[PATCH v6 06/10] accel/rocket: Add IOCTL for BO creation

Wed Jun 4 10:03:28 PDT 2025

On 2025-06-04 5:18 pm, Daniel Stone wrote:
> Hi Tomeu,
> I have some bad news ...
> 
> On Wed, 4 Jun 2025 at 08:57, Tomeu Vizoso <tomeu at tomeuvizoso.net> wrote:
>> +int rocket_ioctl_create_bo(struct drm_device *dev, void *data, struct drm_file *file)
>> +{
>> +       [...]
>> +
>> +       /* This will map the pages to the IOMMU linked to core 0 */
>> +       sgt = drm_gem_shmem_get_pages_sgt(shmem_obj);
>> +       if (IS_ERR(sgt)) {
>> +               ret = PTR_ERR(sgt);
>> +               goto err;
>> +       }
>> +
>> +       /* Map the pages to the IOMMUs linked to the other cores, so all cores can access this BO */
> 
> So, uh, this is not great.
> 
> We only have a single IOMMU context (well, one per core, but one
> effective VMA) for the whole device. Every BO that gets created, gets
> mapped into the IOMMU until it's been destroyed. Given that there is
> no client isolation and no CS validation, that means that every client
> has RW access to every BO created by any other client, for the
> lifetime of that BO.
> 
> I really don't think that this is tractable, given that anyone with
> access to the device can exfiltrate anything that anyone else has
> provided to the device.
> 
> I also don't think that CS validation is tractable tbh.
> 
> So I guess that leaves us with the third option: enforcing context
> separation within the kernel driver.
> 
> The least preferable option I can think of is that rkt sets up and
> tears down MMU mappings for each job, according to the BO list
> provided for it. This seems like way too much overhead - especially
> with RK IOMMU ops having been slow enough within DRM that we expended
> a lot of effort in Weston doing caching of DRM BOs to avoid doing this
> unless completely necessary. It also seems risky wrt allocating memory
> in drm_sched paths to ensure forward progress.
> 
> Slightly more preferable than this would be that rkt kept a
> per-context list of BOs and their VA mappings, and when switching
> between different contexts, would tear down all MMU mappings from the
> old context and set up mappings from the new. But this has the same
> issues with drm_sched.
> 
> The most preferable option from where I sit is that we could have an
> explicit notion of driver-managed IOMMU contexts, such that rkt could
> prepare the IOMMU for each context, and then switching contexts at
> job-run time would be a matter of changing the root DTE pointer and
> issuing a flush. But I don't see that anywhere in the user-facing
> IOMMU API, and I'm sure Robin (CCed) will be along shortly to explain
> why it's not possible ...

On the contrary, it's called iommu_attach_group() :)

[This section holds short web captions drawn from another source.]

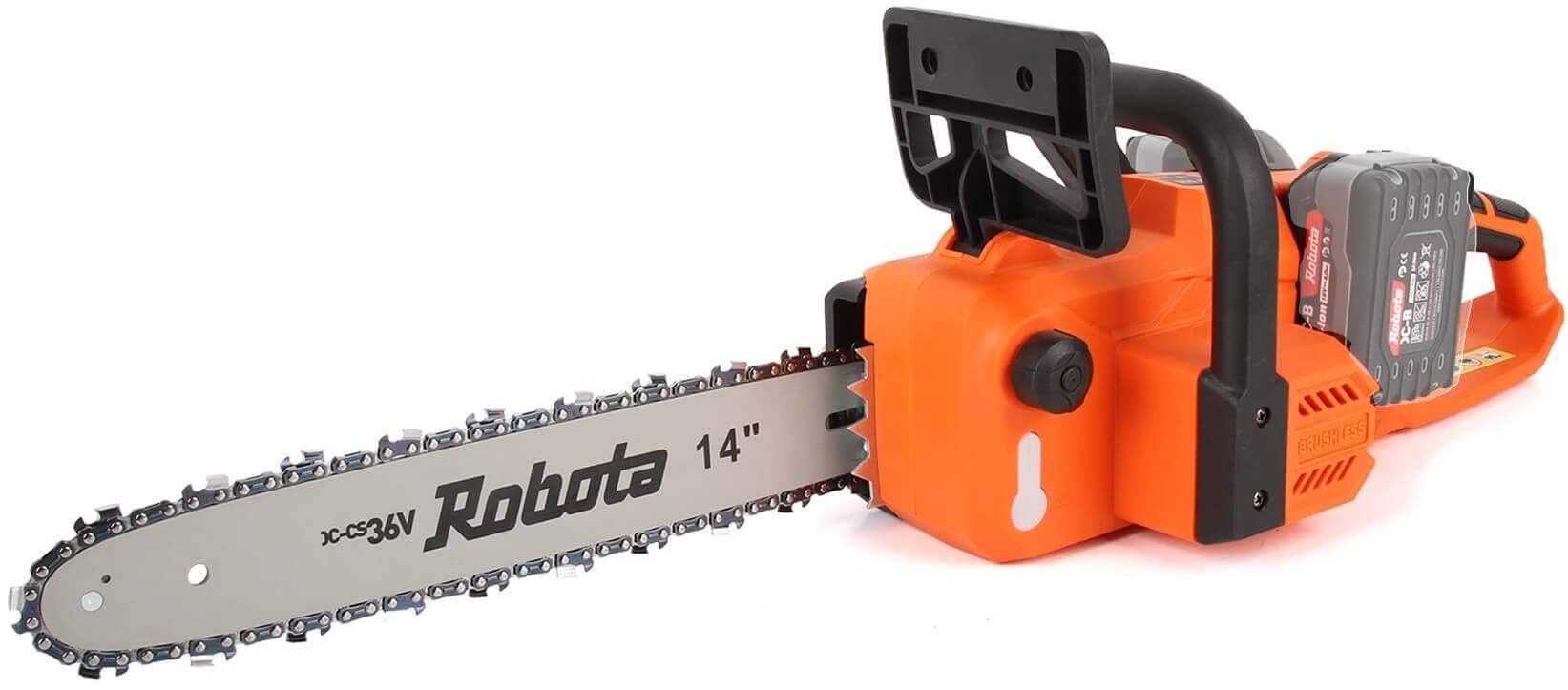 Akkukäyttöinen moottorisaha 36 V, Robota – Robota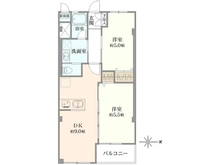 【東京都/渋谷区代々木】代々木第二コーポラス 間取り図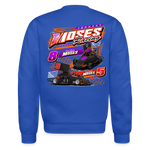 Moses Racing | 2025 | Adult Crewneck Sweatshirt - royal blue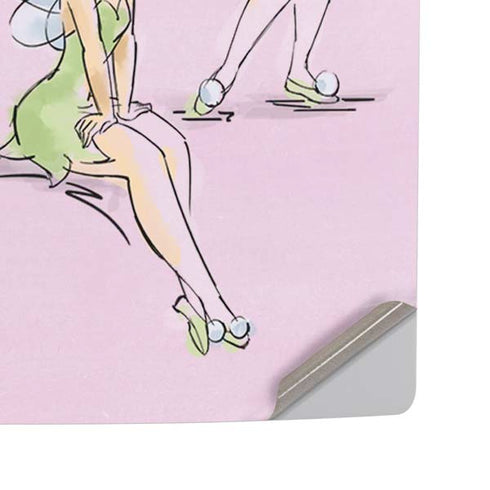 Disney Tinker Bell Water Color Art Poses PS5 Pro Disk Console Skin
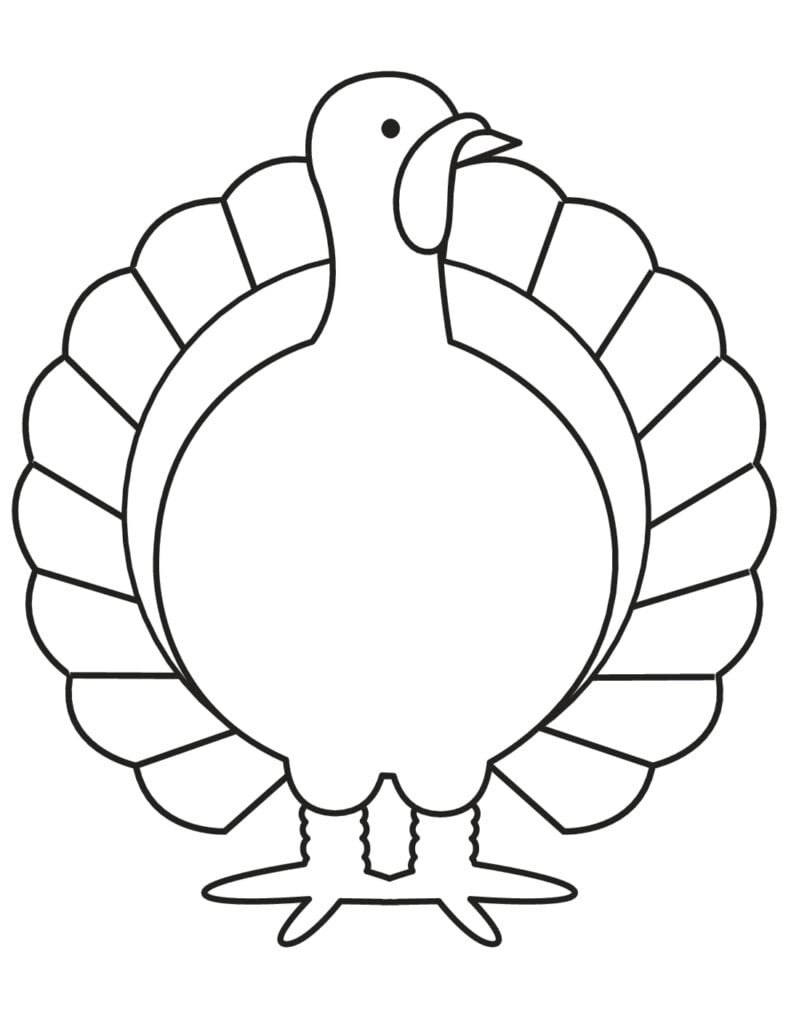 4 Free Turkey Printable Templates - Freebie Finding Mom regarding Free Printable Turkey Template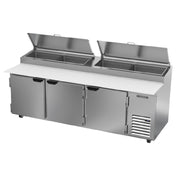 Beverage Air DP93HC Pizza Top Refrigerated Counter Three-section 93"W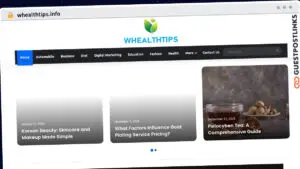 Publish Guest Post on whealthtips.info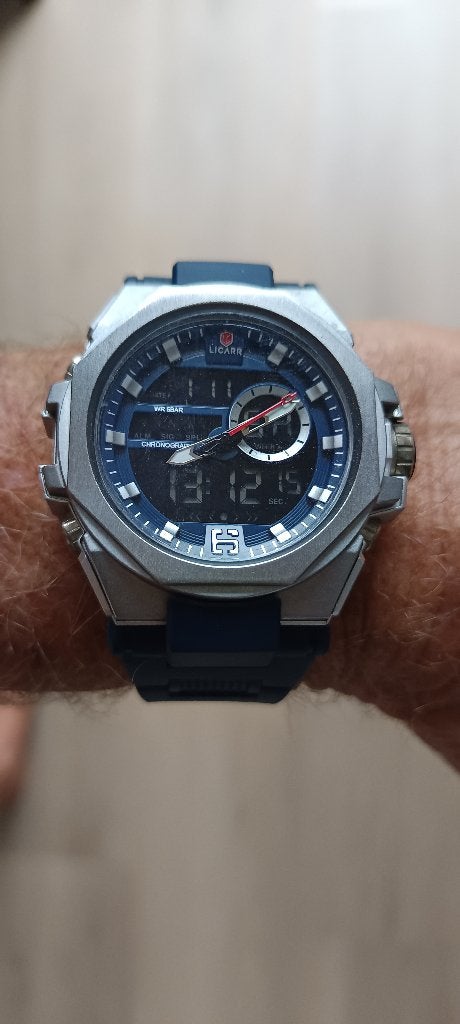 heren horloge LICARR limited edition 25 euro, Sieraden, Tassen en Uiterlijk, Horloges | Heren, Ophalen of Verzenden, Zo goed als nieuw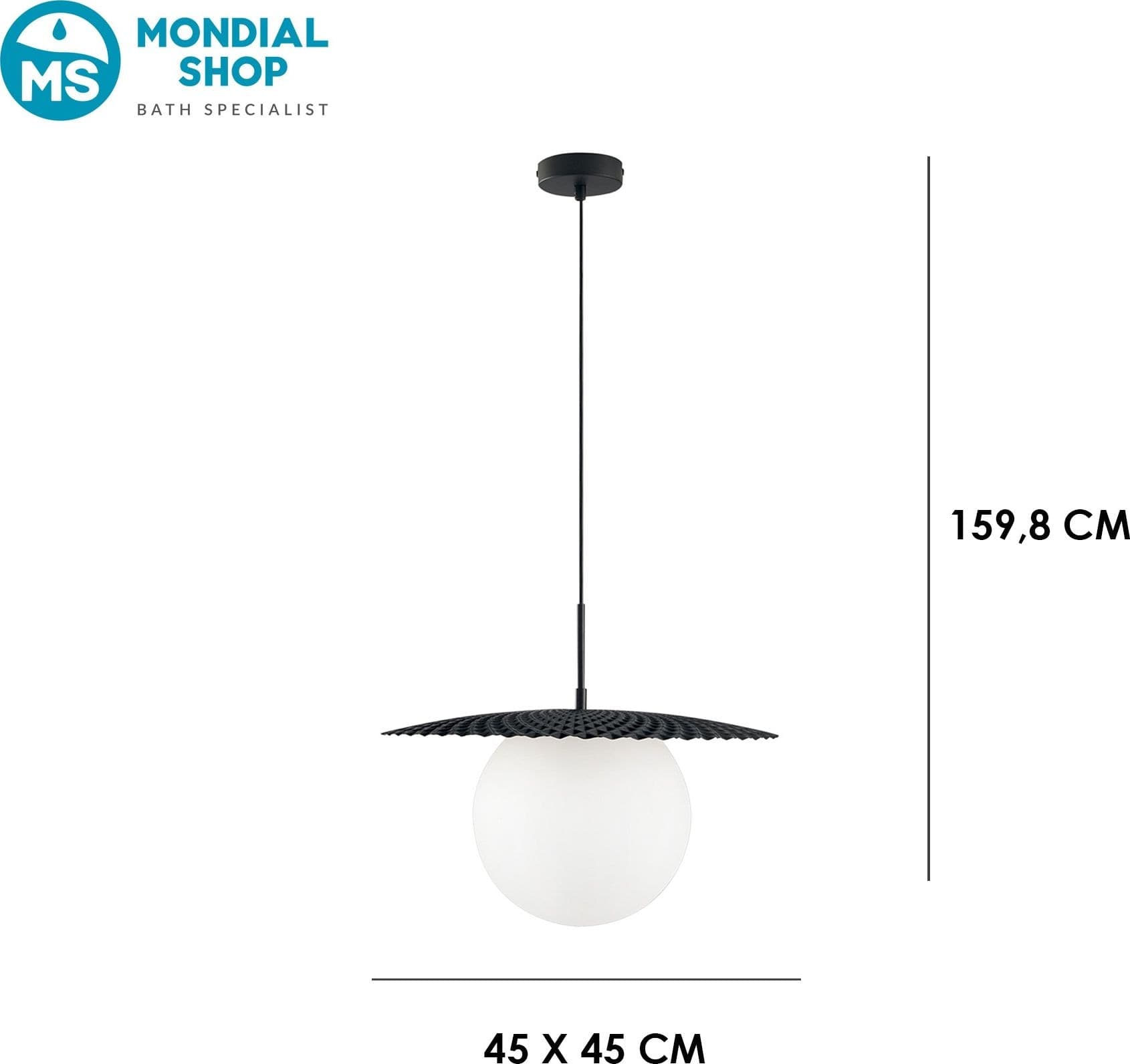 Lampada a sospensione moderna 1XE27 Nera o Oro Cavo Regolabile fino a 160CM - 7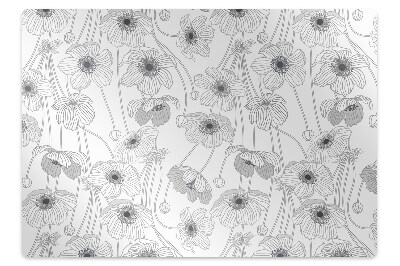 Podložka pod stoličku na kolieskach Maky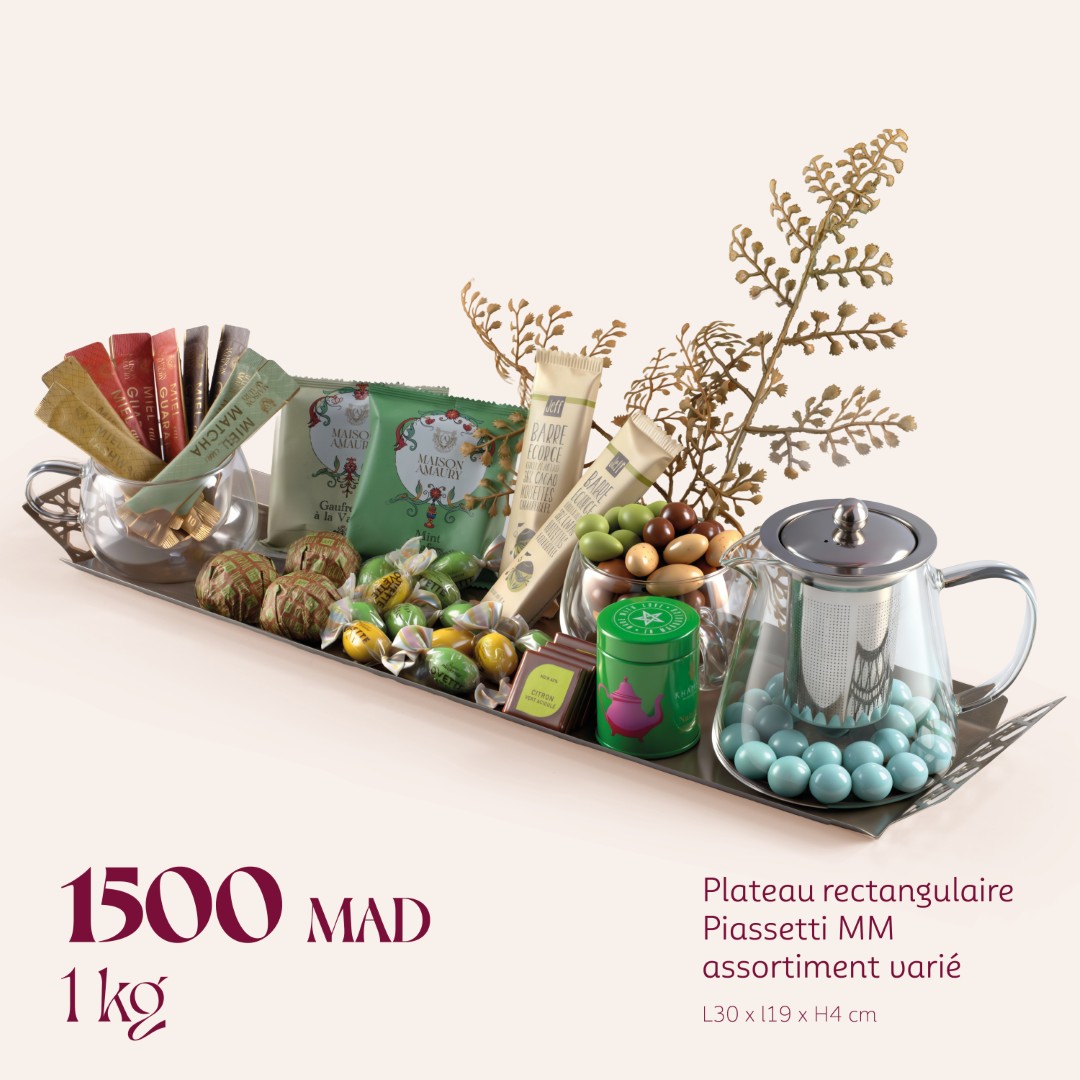 Plateau rectangulaire Piassetti MM assortiment varié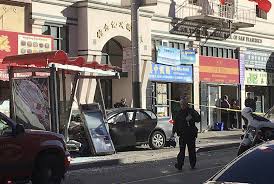 Save more on your next flight from lax airport to san francisco! Car Rams Into Bus Shelter In San Francisco S Chinatown 10 People Hurt Los Angeles Times
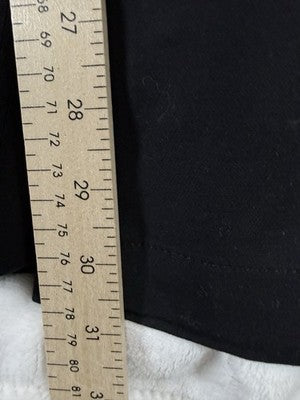 Lands End Straight Leg Pants 24W Black Pencil Pintuck Plus Size Womens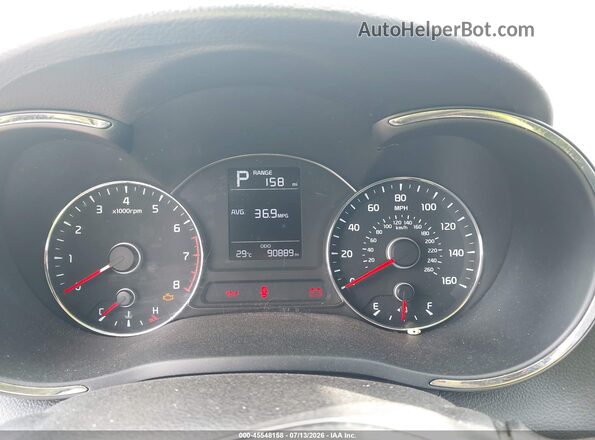 3KPFK4A7XHE029595 2017 KIA FORTE Burgundy უკანა სავარძლების ხედი
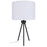 Canarm Holt 1 Light 27.25" Table Lamp, Matte Black/Neutral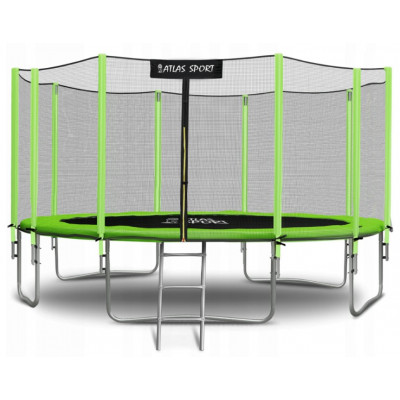 Батут Atlas Sport 465 см (15ft) Basic зеленый купить в Минске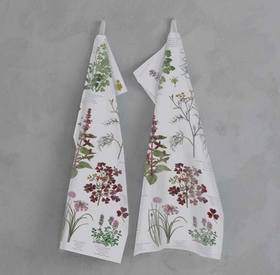 Yrtit -keittiöpyyhe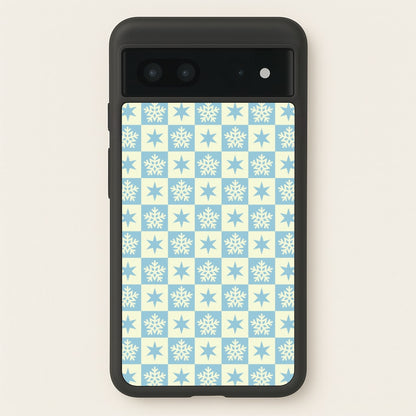 Snow And Star Pattern  - Christmas Patterns Phone Case for Google Pixel 7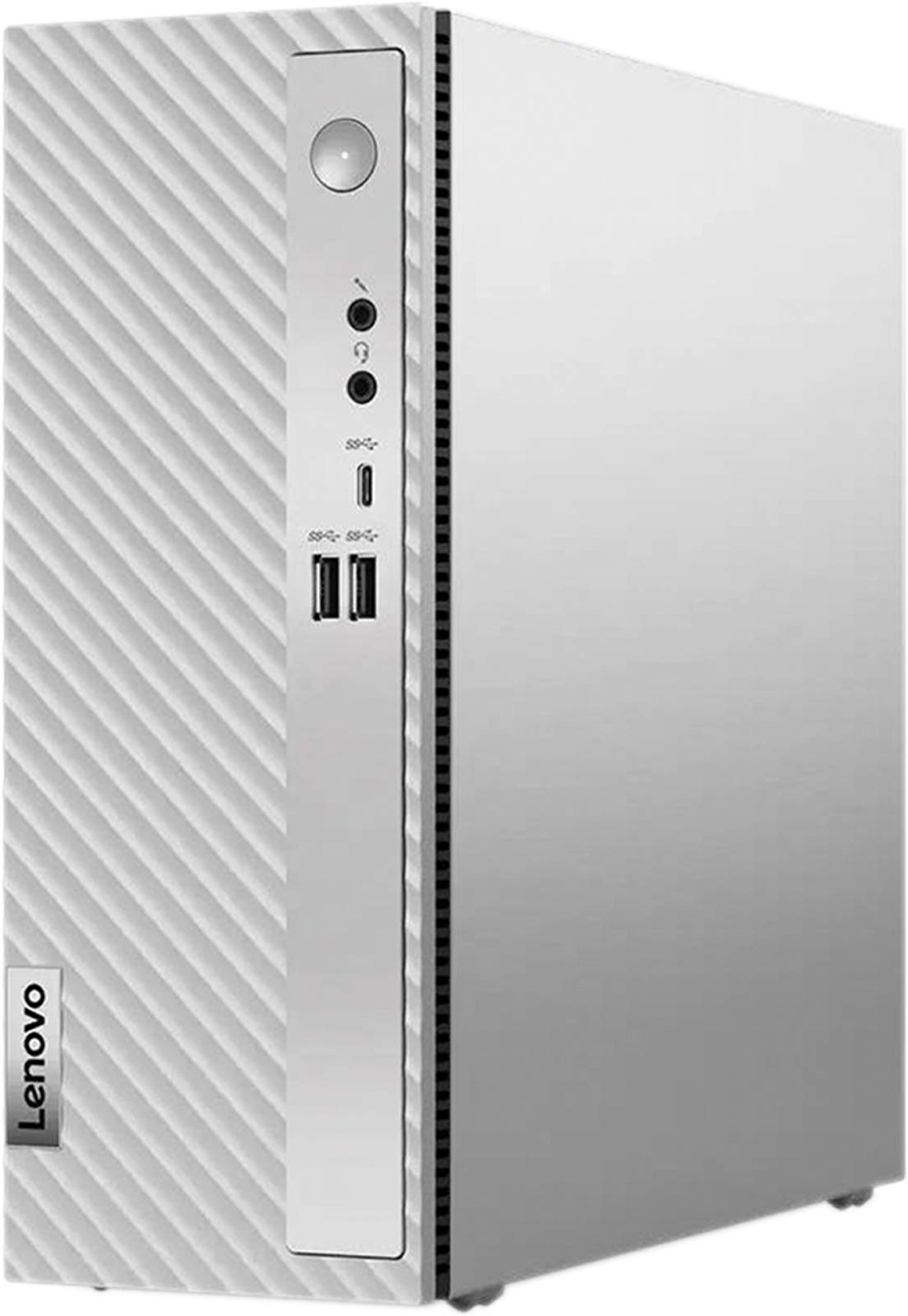 Lenovo IdeaCentre 3 07IAB7 PC, Intel Core i3-12100, 4C, 8GB RAM, 1TB HDD, Integrated Intel UHD Graphics 730, 22'' FHD IPS Monitor, USB KB Eng(UK) & Mouse, Win 11 Pro, Gray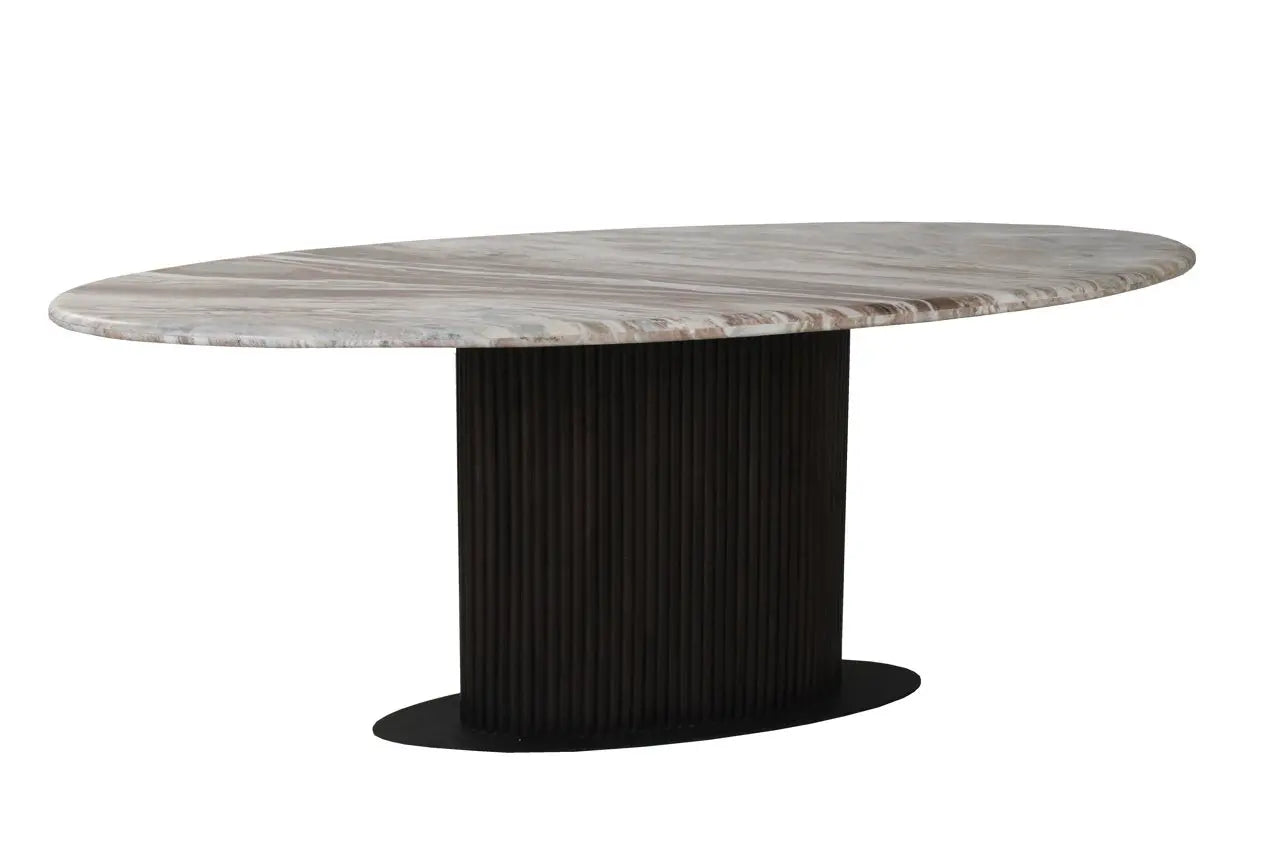 Dining table Rasford Blush beige oval 200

In fact this is precisely the usage model I would suggest for this sort 
of thing, and IIRC I had a similar conversation with the Ethos driver 
folks a few years back. Running your own IOMMU domain is no biggie, see 
several other DRM drivers (including rockchip). As long as you have a 
separate struct device per NPU core then indeed it should be perfectly 
straightforward to maintain distinct IOMMU domains per job, and 
attach/detach them as part of scheduling the jobs on and off the cores. 
Looks like rockchip-iommu supports cross-instance attach, so if 
necessary you should already be OK to have multiple cores working on the 
same job at once, without needing extra work at the IOMMU end.

> Either way, I wonder if we have fully per-context mappings, userspace
> should not manage IOVAs in the VM_BIND style common to newer drivers,
> rather than relying on the kernel to do VA allocation and inform
> userspace of them?

Indeed if you're using the IOMMU API directly then you need to do your 
own address space management either way, so matching bits of process VA 
space is pretty simple to put on the table.

Thanks,
Robin.

> 
> I'm really sorry this has come so late in the game.
> 
> Cheers,
> Daniel